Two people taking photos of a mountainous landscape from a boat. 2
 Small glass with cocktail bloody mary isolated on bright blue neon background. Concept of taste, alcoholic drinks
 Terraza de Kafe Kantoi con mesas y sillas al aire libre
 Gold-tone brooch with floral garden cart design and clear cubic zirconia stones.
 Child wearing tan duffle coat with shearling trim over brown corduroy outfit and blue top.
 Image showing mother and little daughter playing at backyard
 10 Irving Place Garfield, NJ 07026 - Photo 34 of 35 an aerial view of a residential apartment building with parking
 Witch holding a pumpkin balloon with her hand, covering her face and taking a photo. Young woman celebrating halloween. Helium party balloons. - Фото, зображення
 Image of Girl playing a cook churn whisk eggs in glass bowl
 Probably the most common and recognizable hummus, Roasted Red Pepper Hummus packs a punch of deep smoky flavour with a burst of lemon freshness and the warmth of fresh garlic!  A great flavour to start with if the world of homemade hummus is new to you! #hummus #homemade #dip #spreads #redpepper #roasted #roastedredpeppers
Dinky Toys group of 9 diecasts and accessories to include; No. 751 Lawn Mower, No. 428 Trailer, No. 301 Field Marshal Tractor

- [TASK OBJECTIVE] Exactly as they appear, please write out the lines from the opening of the listing above down to the line containing "Probably the most", with both end lines included.

- [SOLUTION TO THE PROBLEM]
Two people taking photos of a mountainous landscape from a boat. 2
 Small glass with cocktail bloody mary isolated on bright blue neon background. Concept of taste, alcoholic drinks
 Terraza de Kafe Kantoi con mesas y sillas al aire libre
 Gold-tone brooch with floral garden cart design and clear cubic zirconia stones.
 Child wearing tan duffle coat with shearling trim over brown corduroy outfit and blue top.
 Image showing mother and little daughter playing at backyard
 10 Irving Place Garfield, NJ 07026 - Photo 34 of 35 an aerial view of a residential apartment building with parking
 Witch holding a pumpkin balloon with her hand, covering her face and taking a photo. Young woman celebrating halloween. Helium party balloons. - Фото, зображення
 Image of Girl playing a cook churn whisk eggs in glass bowl
 Probably the most common and recognizable hummus, Roasted Red Pepper Hummus packs a punch of deep smoky flavour with a burst of lemon freshness and the warmth of fresh garlic!  A great flavour to start with if the world of homemade hummus is new to you! #hummus #homemade #dip #spreads #redpepper #roasted #roastedredpeppers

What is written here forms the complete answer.